**** DATA SHOWN

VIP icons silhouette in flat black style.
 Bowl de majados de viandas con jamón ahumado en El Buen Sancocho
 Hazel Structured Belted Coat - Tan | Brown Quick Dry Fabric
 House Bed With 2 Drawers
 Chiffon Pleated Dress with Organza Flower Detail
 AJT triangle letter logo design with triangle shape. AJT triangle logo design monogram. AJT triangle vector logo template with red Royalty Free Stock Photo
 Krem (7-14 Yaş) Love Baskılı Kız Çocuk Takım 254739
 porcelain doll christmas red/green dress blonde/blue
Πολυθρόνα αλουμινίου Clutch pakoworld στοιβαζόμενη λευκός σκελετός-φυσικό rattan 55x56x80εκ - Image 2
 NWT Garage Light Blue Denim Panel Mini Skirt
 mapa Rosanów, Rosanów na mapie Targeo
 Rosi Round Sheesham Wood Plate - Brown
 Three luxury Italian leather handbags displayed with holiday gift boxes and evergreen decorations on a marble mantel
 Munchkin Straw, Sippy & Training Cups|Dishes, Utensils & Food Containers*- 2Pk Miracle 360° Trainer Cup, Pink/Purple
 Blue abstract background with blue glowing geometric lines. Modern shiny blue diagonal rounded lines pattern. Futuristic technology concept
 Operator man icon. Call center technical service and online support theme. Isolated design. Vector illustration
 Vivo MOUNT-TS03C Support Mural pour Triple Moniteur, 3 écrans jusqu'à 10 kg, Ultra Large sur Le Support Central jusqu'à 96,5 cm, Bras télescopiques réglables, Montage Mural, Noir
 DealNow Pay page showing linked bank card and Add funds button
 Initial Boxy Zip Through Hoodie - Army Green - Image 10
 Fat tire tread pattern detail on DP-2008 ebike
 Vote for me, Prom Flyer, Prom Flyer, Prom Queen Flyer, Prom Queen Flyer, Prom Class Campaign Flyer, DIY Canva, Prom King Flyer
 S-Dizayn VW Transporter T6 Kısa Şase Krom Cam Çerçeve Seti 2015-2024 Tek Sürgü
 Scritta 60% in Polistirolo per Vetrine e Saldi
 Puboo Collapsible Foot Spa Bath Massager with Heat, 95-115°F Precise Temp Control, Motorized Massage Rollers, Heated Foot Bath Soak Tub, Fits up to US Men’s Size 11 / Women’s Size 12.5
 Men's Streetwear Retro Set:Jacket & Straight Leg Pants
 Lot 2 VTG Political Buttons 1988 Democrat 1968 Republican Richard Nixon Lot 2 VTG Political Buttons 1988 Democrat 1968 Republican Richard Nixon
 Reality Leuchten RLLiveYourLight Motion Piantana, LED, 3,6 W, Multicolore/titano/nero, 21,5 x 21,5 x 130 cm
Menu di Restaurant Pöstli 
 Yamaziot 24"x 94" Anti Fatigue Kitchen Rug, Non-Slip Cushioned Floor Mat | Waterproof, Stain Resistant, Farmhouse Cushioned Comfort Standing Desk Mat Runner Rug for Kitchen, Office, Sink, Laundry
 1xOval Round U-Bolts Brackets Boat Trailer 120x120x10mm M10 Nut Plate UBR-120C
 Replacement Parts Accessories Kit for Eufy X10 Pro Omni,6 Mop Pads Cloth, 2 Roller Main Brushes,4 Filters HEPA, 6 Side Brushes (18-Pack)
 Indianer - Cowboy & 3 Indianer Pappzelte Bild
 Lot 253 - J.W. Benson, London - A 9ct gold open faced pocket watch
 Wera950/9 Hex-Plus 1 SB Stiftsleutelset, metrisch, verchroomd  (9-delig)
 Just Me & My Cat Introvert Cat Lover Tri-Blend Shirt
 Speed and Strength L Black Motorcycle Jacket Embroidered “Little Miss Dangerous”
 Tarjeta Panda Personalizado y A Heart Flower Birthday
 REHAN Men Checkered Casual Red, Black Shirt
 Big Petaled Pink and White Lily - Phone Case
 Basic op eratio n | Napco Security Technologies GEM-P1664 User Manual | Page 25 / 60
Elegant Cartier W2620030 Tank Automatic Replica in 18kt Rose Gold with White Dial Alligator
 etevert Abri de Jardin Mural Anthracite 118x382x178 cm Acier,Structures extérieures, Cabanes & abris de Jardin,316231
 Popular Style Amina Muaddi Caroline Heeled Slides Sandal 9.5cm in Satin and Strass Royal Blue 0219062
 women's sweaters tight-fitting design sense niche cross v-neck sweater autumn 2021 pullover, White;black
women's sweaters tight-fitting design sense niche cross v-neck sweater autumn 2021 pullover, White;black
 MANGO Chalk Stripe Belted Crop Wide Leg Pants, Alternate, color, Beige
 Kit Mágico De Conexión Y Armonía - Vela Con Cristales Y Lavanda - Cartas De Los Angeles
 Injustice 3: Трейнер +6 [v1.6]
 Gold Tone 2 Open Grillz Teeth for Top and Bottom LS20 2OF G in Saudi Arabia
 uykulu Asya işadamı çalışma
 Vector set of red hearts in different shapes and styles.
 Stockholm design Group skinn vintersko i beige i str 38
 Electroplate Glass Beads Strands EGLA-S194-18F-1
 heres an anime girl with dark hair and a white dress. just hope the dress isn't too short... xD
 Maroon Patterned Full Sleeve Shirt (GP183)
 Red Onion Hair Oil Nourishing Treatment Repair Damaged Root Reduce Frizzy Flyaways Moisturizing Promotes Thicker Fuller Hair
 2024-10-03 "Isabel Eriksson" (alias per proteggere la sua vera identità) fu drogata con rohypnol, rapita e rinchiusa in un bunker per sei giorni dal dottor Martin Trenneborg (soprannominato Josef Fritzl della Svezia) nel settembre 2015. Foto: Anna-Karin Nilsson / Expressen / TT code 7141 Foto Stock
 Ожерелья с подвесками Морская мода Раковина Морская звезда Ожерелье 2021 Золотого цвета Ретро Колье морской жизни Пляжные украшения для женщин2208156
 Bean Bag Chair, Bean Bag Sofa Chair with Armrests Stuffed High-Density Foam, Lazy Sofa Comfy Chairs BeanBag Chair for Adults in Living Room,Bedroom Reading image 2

********

WHAT YOU WILL DO:
In which lines of the records does the word "Pink" appear? Copy each of them.

EXERCISE SOLUTION:
 Munchkin Straw, Sippy & Training Cups|Dishes, Utensils & Food Containers*- 2Pk Miracle 360° Trainer Cup, Pink/Purple
 Big Petaled Pink and White Lily - Phone Case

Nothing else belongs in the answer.